例えば、自立度が高く、将来的に在宅復帰を目指している利用者の場合、それほど長期で施設を利用するという事にはならないと思うので、入居費用を支払わなくても問題ないかもしれません。
それに対して、要介護度が重い利用者の場合、在宅復帰を目指していたとしても短期間でそれを目指すのは難しい傾向があるので、結果として入居している期間が長くなりがちです。
そうした利用者が入居するのなら、なるべく事前に入居費用を支払っておいた方がいいでしょう。
このように、入居費用が掛からない施設を選ぶ事で、金銭的な負担を抑える事ができます。
ケアハウスに入居する
ケアハウスに入居する事でも、金銭的な負担を抑える事ができます。
ケアハウスとは、60歳以上の年齢になっている高齢者が、自宅での安全な生活が困難であるとされた場合に入居ができる施設の事です。
運営母体は、地方自治体や社会福祉法人によって運営されており、そこから助成金が支払われているので、その分低価格でサービスを受ける事ができるようになっています。
ケアハウスには、「一般型ケアハウス」と「介護型ケアハウス」の2種類があり、利用者の自立度や状態により、適切な方を選ぶ形式になっているようです。
一般型ケアハウスは、60歳以上の高齢者が利用できるようになっており、掃除や食事、洗濯などを利用者に代わってスタッフが行ってくれるようになっています。
高齢者の場合、認知機能の低下により、掃除を適切に行う事が困難になりがちです。
廃棄しなければいけないものがどれか分別できなくなったり、整理・整頓などができなくなってしまうので、掃除をしたとしても家の中が散らかってしまうという事はよくあるようです。
そういった方は、この一般型ケアハウスに入居する事で、掃除などに不安がある高齢者の悩みを解消できると言えます。
ただし、認知訓練や筋力強化向上などの自立度向上といったプランは含まれていないので、その点は注意するようにしてください。
将来的に在宅復帰を目指す人には向いていないサービスになっており、掃除や洗濯などを利用者がやらなくなった分、かえって認知機能の低下がより進んでしまう事も考えられるでしょう。
それに対して介護型ケアハウスは、65歳以上の高齢者でかつ要介護状態にある人が利用できるサービスになっています。
一般型ケアハウスで挙げた掃除や食事などのサービスに加えて、排泄介助や入浴介助、自立度向上などのサービスも組み込まれているようです。

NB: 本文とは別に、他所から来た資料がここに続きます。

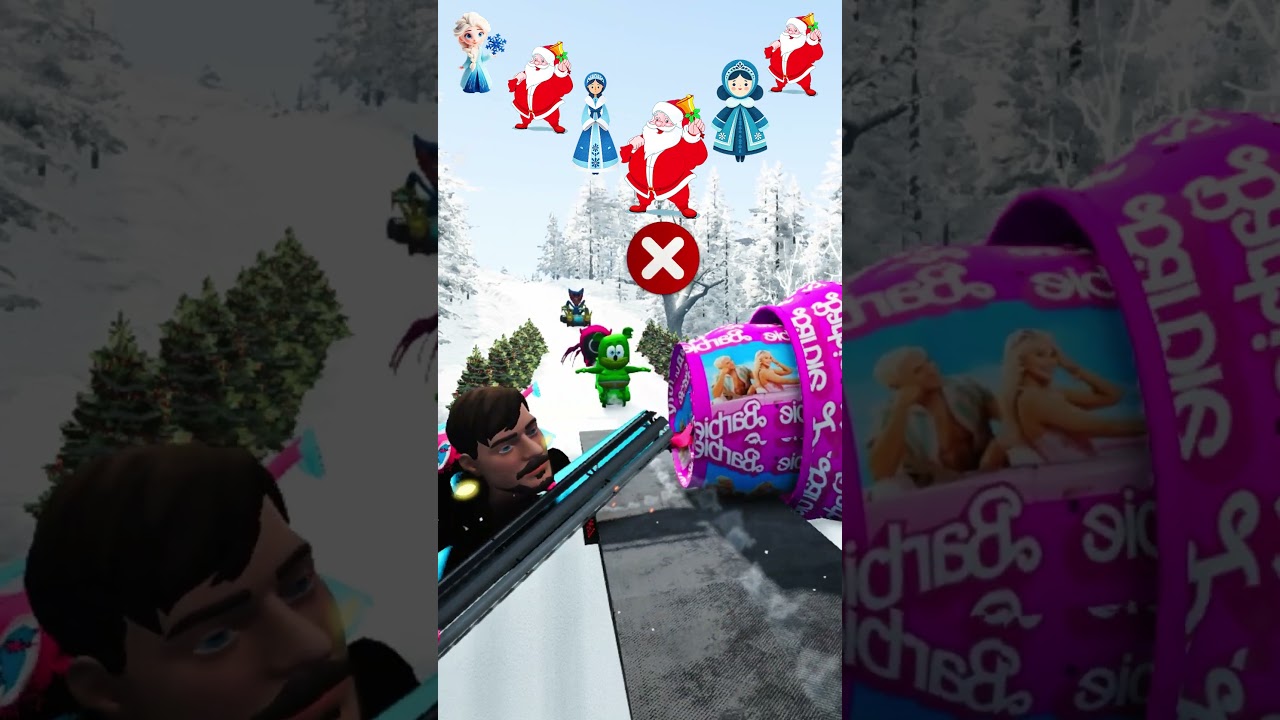 GummyBear va Spiderman vs Ironman vs barbie vs McQueen vs bollard qor 39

トイレや入浴の際に利用者一人だと不安があるといった方を対象にしており、一般型ケアハウスを利用している利用者よりも自立度が低い人を想定していると思われます。
一般型ケアハウスは、在宅復帰を目指している利用者には向いていないサービスとなっているのに対して、介護型ケアハウスは認知機能の改善や筋力強化などのプランも組まれているので、在宅復帰を目指したい方にも向いていると言えるでしょう。
施設によっては自立度が向上し、要介護状態ではなくなったとしても、継続して利用を続けられる施設もあるので、最期を迎えるのを施設で過ごしたいと考えている人にもメリットがあります。

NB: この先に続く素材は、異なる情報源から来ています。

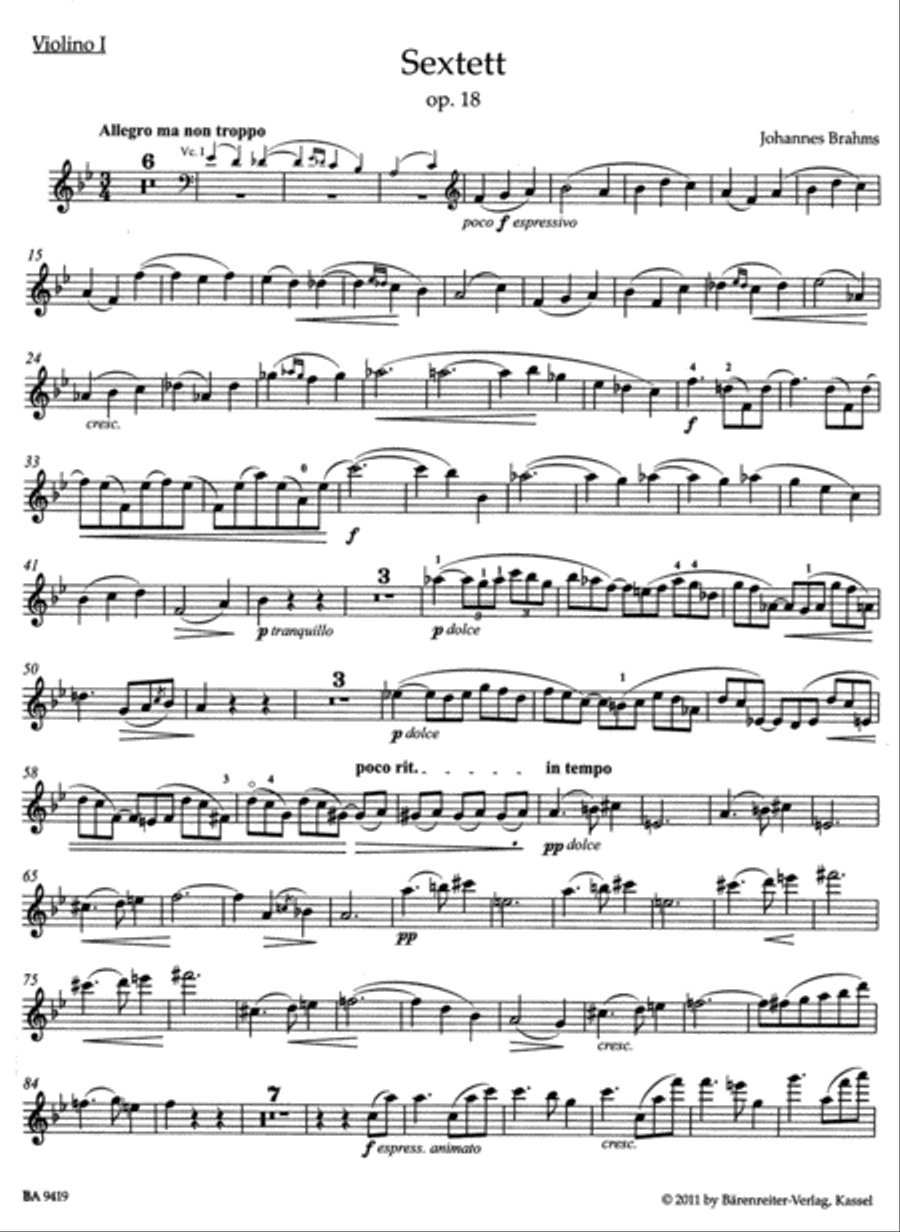 Sextet for two Violins, two Violas and two Violoncellos B flat major op. 18 Cello scores gallery preview page 2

しかし、ケアハウスには、こうした介護サービスを安価で受けられるといったメリットがある一方、施設の数が少なく、入居するのが難しいといったデメリットもあるようです。
安価で入居できるといったメリットから、どこのケアハウスも入居を希望している人が多い為、入居したいと考えていても、倍率が高くて入居できないといった事は珍しくありません。
こうした事から、ケアハウスへ入居を希望するなら、すぐに入居できない可能性があるという事を覚えておかなければいけません。
このように、金銭的な負担を抑えたいなら、ケアハウスへの入居も検討してみる余地があると言えます。
多床室がある施設に入居する
多床室がある施設に入居する事で、金銭的な負担を抑える事ができるでしょう。
介護施設によっては、一人だけの居室となっている個室タイプと、2人~4人ほどの利用者が同じ居室で生活する多床室タイプの2種類が存在している施設もあります。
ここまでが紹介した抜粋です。